Re^2: MS-DOS PD lex and yacc

Charles Marslett chasm at attctc.Dallas.TX.US
Sat Aug 19 12:42:37 AEST 1989


In article <9288 at chinet.chi.il.us>, ignatz at chinet.chi.il.us (Dave Ihnat) writes:
> In article <201802wv4bX.01 at amdahl.uts.amdahl.com> dacseg at uts.amdahl.com (Scott E. Garfinkle) writes:
> >
> >I'll buy that for flex, but you must know that not only is bison decidedly
> >*not* public domain (though it is free), it is almost worthless for
> >most commercial endeavors.  I do *not* wish to start yet another running
> >debate on FSF's copyleft -- personally I use bison quite a lot, but always
> >for software to be distributed within the terms of the Gnu General License.
> >I only write this followup to ensure that someone does not naively misuse
> >the Gnu software. 
> 
> The gist of this is that, because the GNU copyleft is included with the BISON
> parser files, your application then must be redistributable under the same
> terms.  This is not true.  You might, at most, be responsible for providing
> the GNU parser include files as source, on request--in which case, you would
> most likely provide the entire GNU package.  But RMS and company cannot require
> you to release your code on the basis of their include file.

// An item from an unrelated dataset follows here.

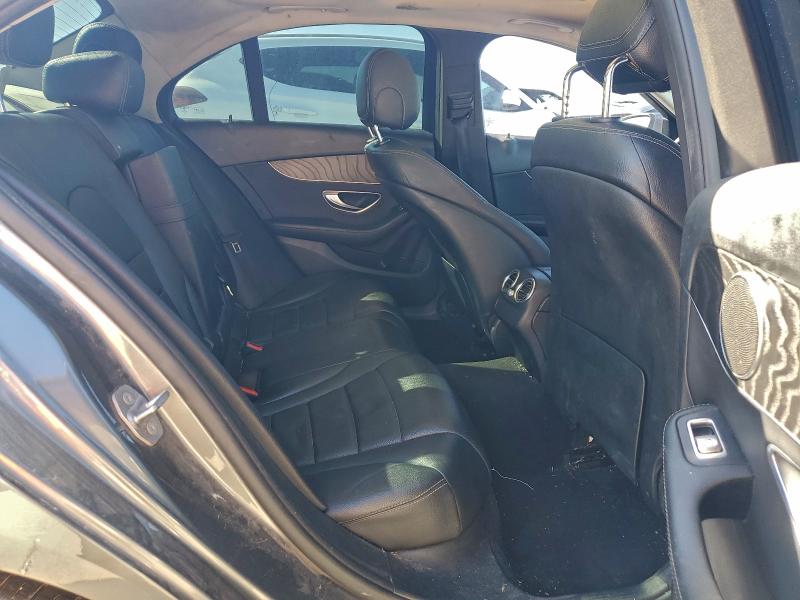 Фото 10 - MERCEDES-BENZ C-CLASS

NO!  The LICENSE, not the copyright, that you must agree to asserts that the
entirity of the product containing GNU code is covered by the copyleft.  This
has been validated often in US courts (for a big dollar example, the enforcability
of licenses was a significant part of IBM's case against the Japanese mainframe
makers -- Fujitsu, et al.).

Secondly, if a significant part of a copyrighted work is included in your
work (anthology), without the permission of the author, that is copyright
infringement.  The author may extract any concessions he can from you (money
is a very common one in both publishing and software industries) and your
only option is to agree or not include his work.

> If this were the case, then the object code compiled by many commercial micro
> compilers would belong to the vendor providing the compiler, since many include
> a copyright notice in the object code.

It would in fact be the case, except that the commercial software vendors have
not demanded such a concession (and they would lose a significant part of their
business if they did!).  Most (Borland and Microsoft, for example) explicitly
grant you the right to do what you will with the result of merging your
object code with their run time libraries.

BTW, a discussion ran too long last year on the requirement Borland makes that
a binary containing Borland's runtime code must be copyrighted.  You can put
your name to it, or Borland's, but you cannot make the executable public
domain [This is to prevent the run time library from being made public
domain, I understand].  So such requirements, or distant relatives of such,
are not totally unheard of in comercial circles.